When Link returned in A Link to the Past, he was pounding terra firma with nary a hopeful thought of jumping over the head of a Hyu.

The jumping in Zelda II makes the set-up in 2017 feel faultless by comparison. It's almost as if Link was never meant to be a platform avatar, as he moves ungainly through the air. It was practically a game design epidemic: the same year, 1987, saw another icon of that era's gaming landscape, Pac-Man, gain the ability to jump—and if you don't recall Pac-Mania, but were there at the time, it's likely because your subconscious is protecting your sepia-hued memories from returning to the scene of the crime.

All Zelda II: The Adventure of Link screenshots courtesy of Nintendo (Wii U Virtual Console version used).

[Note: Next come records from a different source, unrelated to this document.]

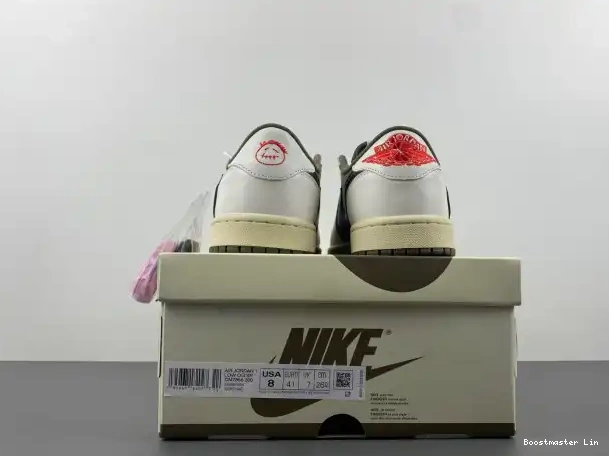 Boostmaster lin LOW OLIVE X DM7866-200 MEDIUM SCOTT TRAVIS 1 OG AIR JORDAN 0225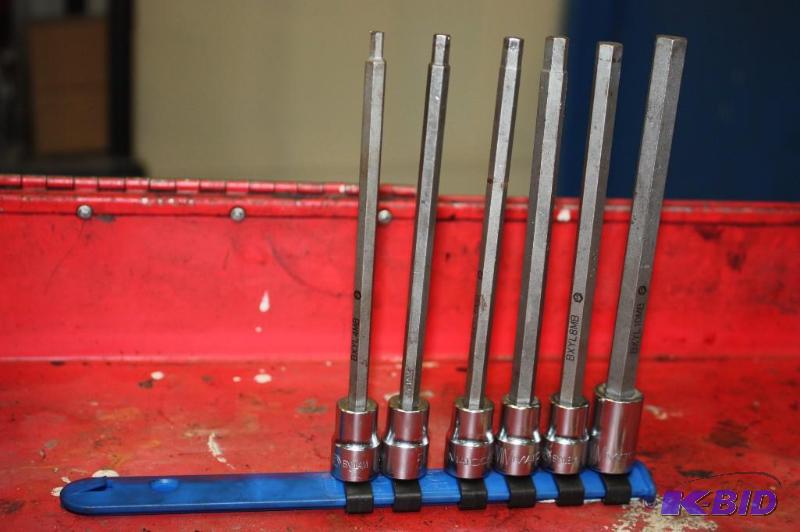 lot 237 image: Matco Hex Set Including 6 Stem SBXYML6R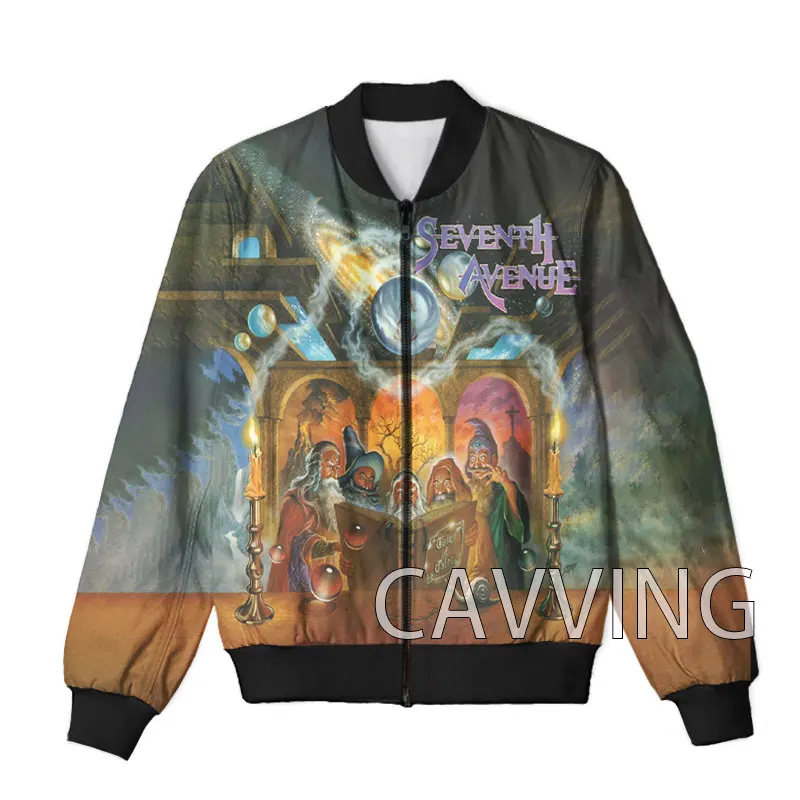 Мужская/Женская куртка-бомбер на молнии с 3D-принтом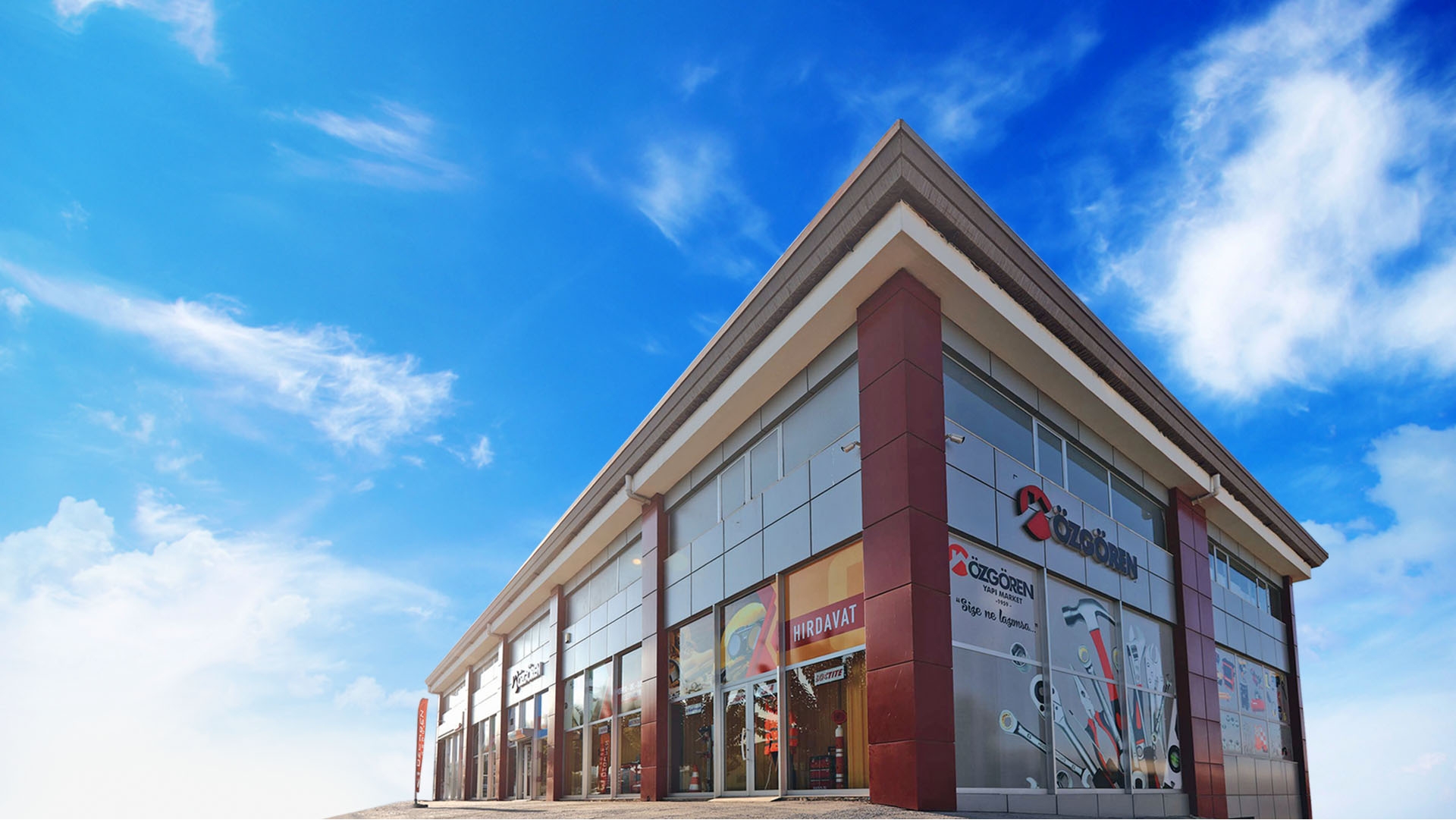 Size ne lazımsa Özgören'de..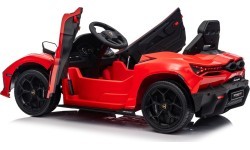 Elektromobilis Lamborghini Revuelto, sarkans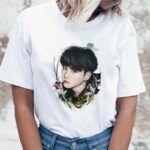 T-Shirt BTS - Dessin portrait réaliste - K-Pop France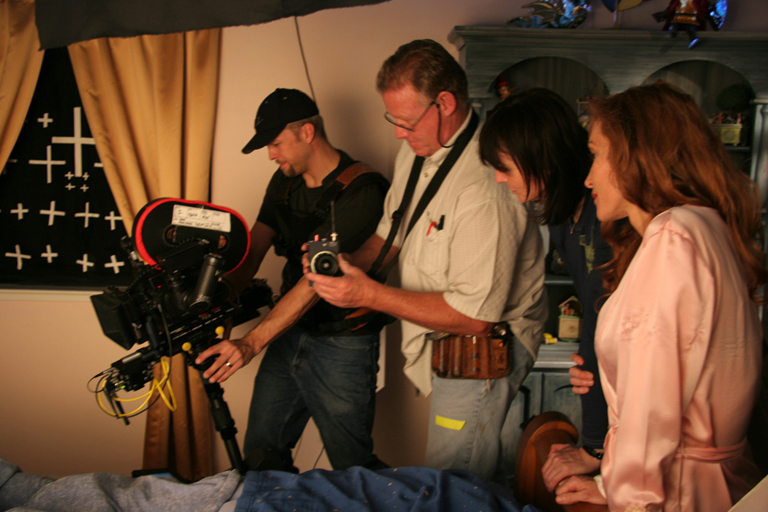 Sylvia Binsfeld directing Dorme.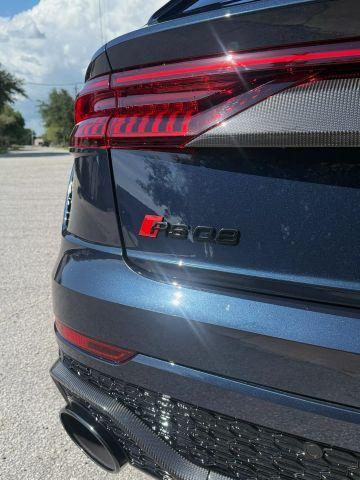used 2024 Audi RS Q8 car, priced at $124,900
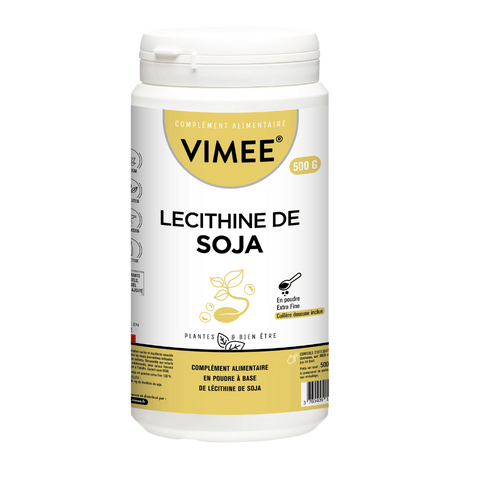 Lécithine de soja devant vimee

The next time Pac-Man graced arcades, in 1996's Pac-Man Arrangement, he was once again restricted to skimming over the surface of each maze. And when Link returned, in the Super Nintendo's terrific A Link to the Past, he was pounding terra firma with nary a hopeful, nostalgic thought of jumping over the head of a Hyu. He sternly stood his ground, feet firmly planted on it. And that's how he remained, both when top-down and played from a third-person position, until Breath of the Wild's return to Zelda II's jump-whenever-you-will freedom.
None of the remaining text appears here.